## TASK ITEM
Go through the data below and gather each line containing "Metallic".
╭─ INFORMATION GIVEN
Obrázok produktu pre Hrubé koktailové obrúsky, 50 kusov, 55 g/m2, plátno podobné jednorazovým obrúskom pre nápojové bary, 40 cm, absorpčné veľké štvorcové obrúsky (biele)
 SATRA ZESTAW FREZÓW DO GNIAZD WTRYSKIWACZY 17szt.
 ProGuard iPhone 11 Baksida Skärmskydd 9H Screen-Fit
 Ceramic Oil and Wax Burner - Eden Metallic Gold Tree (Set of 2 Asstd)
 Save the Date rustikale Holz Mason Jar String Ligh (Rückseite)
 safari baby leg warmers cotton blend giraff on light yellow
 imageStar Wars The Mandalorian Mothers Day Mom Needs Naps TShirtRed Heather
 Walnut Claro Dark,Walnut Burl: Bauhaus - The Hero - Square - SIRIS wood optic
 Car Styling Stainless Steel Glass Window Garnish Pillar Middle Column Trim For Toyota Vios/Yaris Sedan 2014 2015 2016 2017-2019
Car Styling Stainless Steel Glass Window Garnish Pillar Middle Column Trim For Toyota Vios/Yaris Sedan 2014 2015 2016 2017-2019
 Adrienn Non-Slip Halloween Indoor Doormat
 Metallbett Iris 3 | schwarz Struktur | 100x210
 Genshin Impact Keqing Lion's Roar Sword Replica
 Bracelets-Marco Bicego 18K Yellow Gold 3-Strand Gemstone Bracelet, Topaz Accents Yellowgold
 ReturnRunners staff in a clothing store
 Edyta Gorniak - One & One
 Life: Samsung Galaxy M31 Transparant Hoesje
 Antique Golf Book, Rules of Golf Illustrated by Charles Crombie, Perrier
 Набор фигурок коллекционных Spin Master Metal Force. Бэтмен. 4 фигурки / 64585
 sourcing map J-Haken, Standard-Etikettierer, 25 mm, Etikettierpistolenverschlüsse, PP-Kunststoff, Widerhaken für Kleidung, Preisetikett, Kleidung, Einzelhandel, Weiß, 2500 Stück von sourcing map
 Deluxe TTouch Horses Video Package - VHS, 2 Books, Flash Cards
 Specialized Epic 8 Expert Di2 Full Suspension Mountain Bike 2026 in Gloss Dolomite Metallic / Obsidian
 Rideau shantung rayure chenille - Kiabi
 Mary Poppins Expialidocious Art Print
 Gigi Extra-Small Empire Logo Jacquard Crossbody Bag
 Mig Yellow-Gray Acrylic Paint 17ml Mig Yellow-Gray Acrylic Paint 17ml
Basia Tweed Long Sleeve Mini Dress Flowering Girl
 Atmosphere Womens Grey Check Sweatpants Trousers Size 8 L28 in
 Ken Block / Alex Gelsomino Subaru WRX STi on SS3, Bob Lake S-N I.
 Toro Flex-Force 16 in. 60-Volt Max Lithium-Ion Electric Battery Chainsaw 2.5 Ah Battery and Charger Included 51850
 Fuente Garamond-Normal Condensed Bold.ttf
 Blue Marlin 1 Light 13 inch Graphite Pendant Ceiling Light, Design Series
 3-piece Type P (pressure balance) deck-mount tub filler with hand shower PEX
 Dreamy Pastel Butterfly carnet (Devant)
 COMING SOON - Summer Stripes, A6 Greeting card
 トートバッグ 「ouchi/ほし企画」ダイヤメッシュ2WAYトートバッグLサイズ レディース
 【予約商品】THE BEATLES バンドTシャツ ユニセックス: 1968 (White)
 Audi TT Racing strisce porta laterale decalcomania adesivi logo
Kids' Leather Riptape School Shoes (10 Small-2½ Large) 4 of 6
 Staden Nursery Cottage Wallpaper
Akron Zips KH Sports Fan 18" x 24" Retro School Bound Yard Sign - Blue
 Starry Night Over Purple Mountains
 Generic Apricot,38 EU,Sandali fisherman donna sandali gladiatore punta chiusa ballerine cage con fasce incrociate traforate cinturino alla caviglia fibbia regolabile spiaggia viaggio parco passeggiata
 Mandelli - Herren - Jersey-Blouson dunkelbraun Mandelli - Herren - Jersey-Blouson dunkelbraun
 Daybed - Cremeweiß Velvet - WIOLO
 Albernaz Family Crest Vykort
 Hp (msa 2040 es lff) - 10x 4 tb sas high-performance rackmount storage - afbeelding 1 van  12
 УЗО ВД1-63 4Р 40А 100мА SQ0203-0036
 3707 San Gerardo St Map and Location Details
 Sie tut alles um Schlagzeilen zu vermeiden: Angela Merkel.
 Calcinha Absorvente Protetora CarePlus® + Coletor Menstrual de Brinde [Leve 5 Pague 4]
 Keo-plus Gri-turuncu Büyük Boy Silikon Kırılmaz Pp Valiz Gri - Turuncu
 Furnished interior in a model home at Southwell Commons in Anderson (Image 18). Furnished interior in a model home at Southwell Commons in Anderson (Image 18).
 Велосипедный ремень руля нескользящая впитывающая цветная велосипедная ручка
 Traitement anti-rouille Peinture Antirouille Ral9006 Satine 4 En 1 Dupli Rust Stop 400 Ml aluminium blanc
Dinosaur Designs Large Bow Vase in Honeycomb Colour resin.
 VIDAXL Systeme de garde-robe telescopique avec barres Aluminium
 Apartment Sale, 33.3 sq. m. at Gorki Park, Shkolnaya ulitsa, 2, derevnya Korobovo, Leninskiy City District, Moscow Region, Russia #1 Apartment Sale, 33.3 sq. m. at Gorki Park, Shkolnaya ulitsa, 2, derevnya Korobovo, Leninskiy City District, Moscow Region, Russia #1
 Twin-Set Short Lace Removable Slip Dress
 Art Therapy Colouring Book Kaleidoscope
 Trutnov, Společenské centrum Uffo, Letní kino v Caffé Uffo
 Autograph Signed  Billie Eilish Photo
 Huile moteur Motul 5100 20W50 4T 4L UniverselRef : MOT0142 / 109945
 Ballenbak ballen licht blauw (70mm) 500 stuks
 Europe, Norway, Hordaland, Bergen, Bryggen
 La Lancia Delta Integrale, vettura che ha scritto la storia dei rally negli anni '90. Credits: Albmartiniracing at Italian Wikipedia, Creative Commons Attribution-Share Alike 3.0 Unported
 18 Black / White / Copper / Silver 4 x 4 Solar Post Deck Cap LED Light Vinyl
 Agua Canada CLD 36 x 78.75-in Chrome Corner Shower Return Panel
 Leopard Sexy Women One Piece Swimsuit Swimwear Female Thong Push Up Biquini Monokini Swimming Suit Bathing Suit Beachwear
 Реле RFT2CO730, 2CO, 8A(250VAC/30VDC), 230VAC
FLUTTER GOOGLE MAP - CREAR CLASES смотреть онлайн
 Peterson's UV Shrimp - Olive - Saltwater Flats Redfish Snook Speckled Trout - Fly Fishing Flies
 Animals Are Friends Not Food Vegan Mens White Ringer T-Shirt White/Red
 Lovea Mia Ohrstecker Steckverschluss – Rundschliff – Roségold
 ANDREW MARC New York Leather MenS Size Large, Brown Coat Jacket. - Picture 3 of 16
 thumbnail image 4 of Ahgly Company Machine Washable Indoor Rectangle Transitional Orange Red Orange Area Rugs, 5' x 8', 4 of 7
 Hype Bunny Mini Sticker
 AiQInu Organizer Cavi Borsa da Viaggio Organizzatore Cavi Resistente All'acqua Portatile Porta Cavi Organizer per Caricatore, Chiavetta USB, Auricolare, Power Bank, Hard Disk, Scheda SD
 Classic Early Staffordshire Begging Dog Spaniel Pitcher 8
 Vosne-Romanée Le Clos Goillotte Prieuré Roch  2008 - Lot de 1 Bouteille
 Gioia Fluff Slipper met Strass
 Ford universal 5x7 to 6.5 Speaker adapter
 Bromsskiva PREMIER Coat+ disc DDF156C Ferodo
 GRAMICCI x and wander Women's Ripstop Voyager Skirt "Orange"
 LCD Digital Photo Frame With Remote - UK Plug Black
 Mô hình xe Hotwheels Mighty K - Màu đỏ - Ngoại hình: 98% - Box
╰─
## ANSWER FOR THE TASK
 Ceramic Oil and Wax Burner - Eden Metallic Gold Tree (Set of 2 Asstd)
 Specialized Epic 8 Expert Di2 Full Suspension Mountain Bike 2026 in Gloss Dolomite Metallic / Obsidian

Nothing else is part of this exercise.